Figure B.1-2. Beaver Creek mine discharge locations.

Aerial photograph of a portion of the Beaver Creek watershed, showing main stem of creek and tributaries, abandoned mine water discharges and open mine shafts. The Quapaw tribal pow-wow grounds are located directly downstream of these contaminated inputs.

Table B.1-2 compares untreated mine water characteristic for existing Mayer Ranch passive treatment system inflow, and Beaver Creek discharge site 8 (see Figure 2 above). Concentrations of contaminants of concern and discharge rates are considerably lower for the Beaver Creek discharge relative to the inflow into the Mayer Ranch property treatment system, while pH and alkalinity are higher, indicating the likelihood of effective semi-passive treatment of Beaver Creek area discharges.

Table B.1-2. Comparison of influent Mayer Ranch vs. effluent Beaver Creek

Parameter	Mayer Ranch PTS Influent	Beaver Creek Site
pH	5.95	6.62
Net alkalinity (mg/L as CaCO₃)	29	90
Iron (mg/L)	192	9.28
Zinc (mg/L)	11	1.60
Cadmium (µg/L)	17	1
Lead (µg/L)	60	15
Arsenic (µg/L)	64	20
Sulfate (mg/L)	2239	244
Flow rate (gallons/minute)	150	25

B.1.3 System Design

B.1.3.1 BCR Design

Although the design of the BCR for mine discharges at Beaver Creek is not complete, the design will be similar to that of the Mayer Ranch BCR (multiple process units in series as shown in Figure 3). However, issues specific to the Beaver Creek area MIWs, such as multiple sparsely distributed mine discharge points and intermittent flow characteristics, will have to be addressed during the design phase.

B.1.3.2 Pre and Posttreatment requirements

The Beaver Creek area water treatment system is anticipated to consist of multiple process units, in series, with at least one BCR process unit. Therefore, similar to the Mayer Ranch treatment system, the inflow to the Beaver Creek area treatment system will likely employ some form of oxidation and sediment settling processes before being routed to the BCR unit; and it is anticipated that outflow from the BCR unit will be routed through a re-aeration pond, a horizontal limestone bed unit, and a final aerobic polishing unit before the water is allowed to discharge at the end of the series of treatment units (Figure 3).  

B.1.4 Regulatory Challenges

As mentioned, most tribes have established Environmental Departments funded primarily by USEPA. As with states, USEPA can delegate programmatic authority to tribes for Environmental programs, including regulatory authority under the Clean Water Act, if the tribe applying for such authority has an established Environmental Department and satisfies other USEPA requirements. Consequently, many tribes have developed enforceable Water Quality Standards. Although the Quapaw Tribe has developed its own Water Quality Standards, they are not yet enforceable until the tribe receives programmatic authority from USEPA. However, the tribe has been in close communication with those designing the Beaver Creek area BCR regarding the tribe’s Water Quality Standards, which reflect the tribe’s priorities in addressing surface water contaminants. Although the BCR may have the effect of treating water that meets Oklahoma Water Quality Standards, the Quapaw Tribe may not view the resulting water quality as being protective of the tribe, considering the tribe’s more intensive use of water and water related resources.

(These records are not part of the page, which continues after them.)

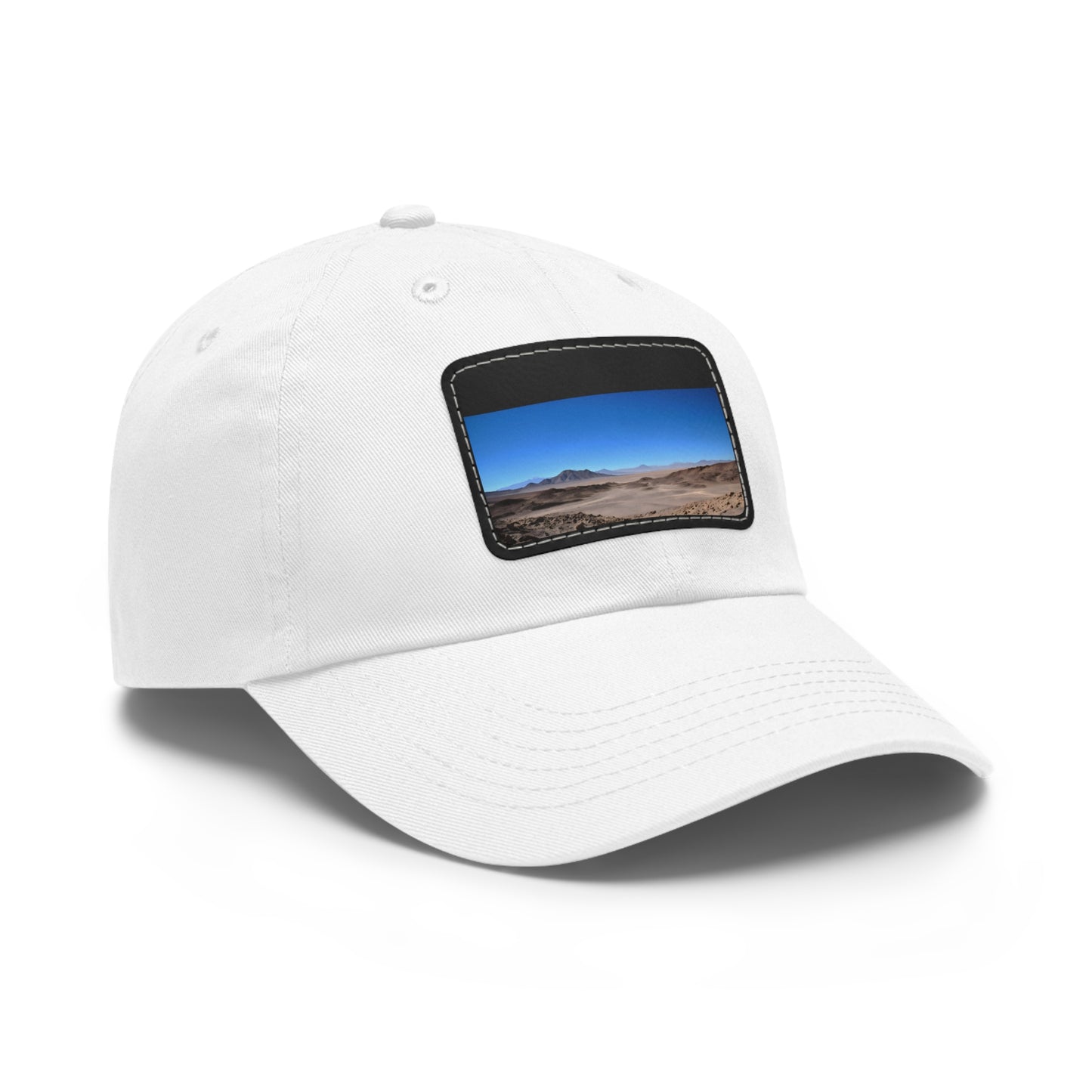 Desert Dreamer Baseball Cap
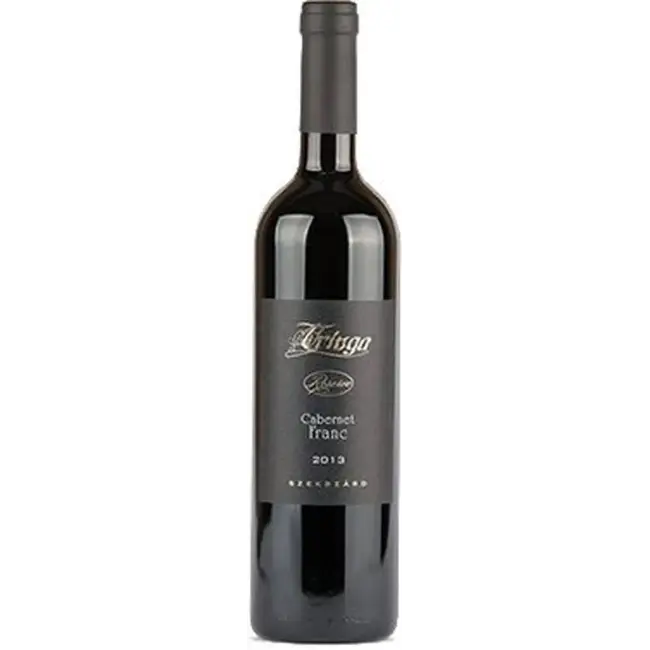 Tringa Cabernet Franc 2020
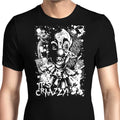 It's Crazy Men's Apparel - Adult & Kids T-Shirts, Sweatshirts & Hoodies apparel design preview 1
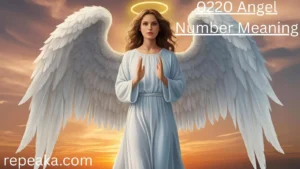 0220 Angel Number Meaning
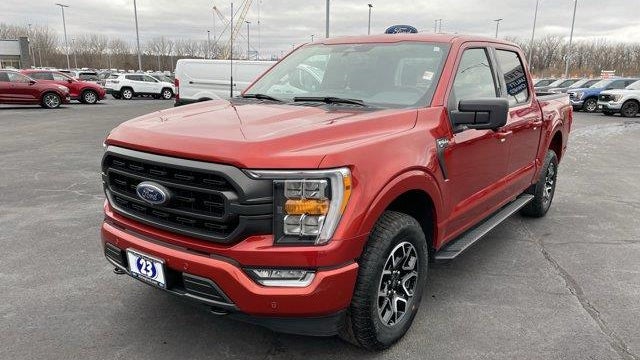 Preowned 2023 Ford F-150 XL for Sale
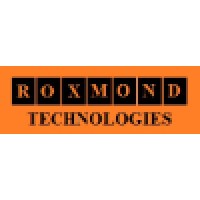Roxmond Software Technologies logo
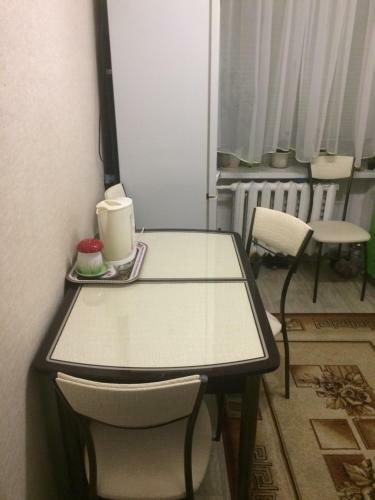 Apartment Na Sovetskoi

B.1.5 Stakeholder Challenges

The Beaver Creek BCR is proposed to be constructed on Quapaw tribal land that is culturally and historically significant to the tribe. It is referred to as the Catholic 40 property by the tribe. In the late 1800s, the Catholic Church built an Indian school and church on this property so that Quapaw children could attend the school instead of being sent off to far away Indian schools, as was the Bureau of Indian Affairs policy for children of other Native American tribes during this period of Indian Assimilation. There is also a tribal cemetery on this property and members practice traditional subsistence and cultural gathering of plants along Beaver Creek in this area. Finally, Beaver Creek flows through the Quapaw Tribe’s pow-wow grounds immediately downstream of the proposed BCR. Tribal members gather various food and ceremonial resources along Beaver Creek during the annual pow-wow and the creek plays an important part in their cultural and religious practices. Consequently, it has been extremely important to seek input from the tribal leaders and the tribe’s environmental Department (like States, most tribes now have Environmental programs funded by USEPA) early on in the conceptual design of the BCR and certainly before the initiation of any field investigations.

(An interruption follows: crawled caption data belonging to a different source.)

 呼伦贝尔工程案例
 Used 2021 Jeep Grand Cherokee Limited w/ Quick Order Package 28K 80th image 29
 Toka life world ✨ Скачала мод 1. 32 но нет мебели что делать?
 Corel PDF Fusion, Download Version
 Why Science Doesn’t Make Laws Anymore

Most Native American tribes have a different perception of environmental protection and remediation than that of western European or modern American societies. Therefore, it is very important to approach the tribe(s) that may be affected by the proposed BCR, and initiate a consultation process before beginning even the conceptual design. Federally Recognized Tribes and USEPA have jointly developed consultation policies and procedures to be used before environmental regulations or actions, that may affect tribes, are initiated. Therefore, it is highly recommended that those proposing BCRs on, or near, tribal lands or in areas of tribal jurisdiction, contact the appropriate USEPA Regional office and ask for office of the USEPA tribal liaison official who will likely offer detailed guidance on the appropriate tribal consultation procedures.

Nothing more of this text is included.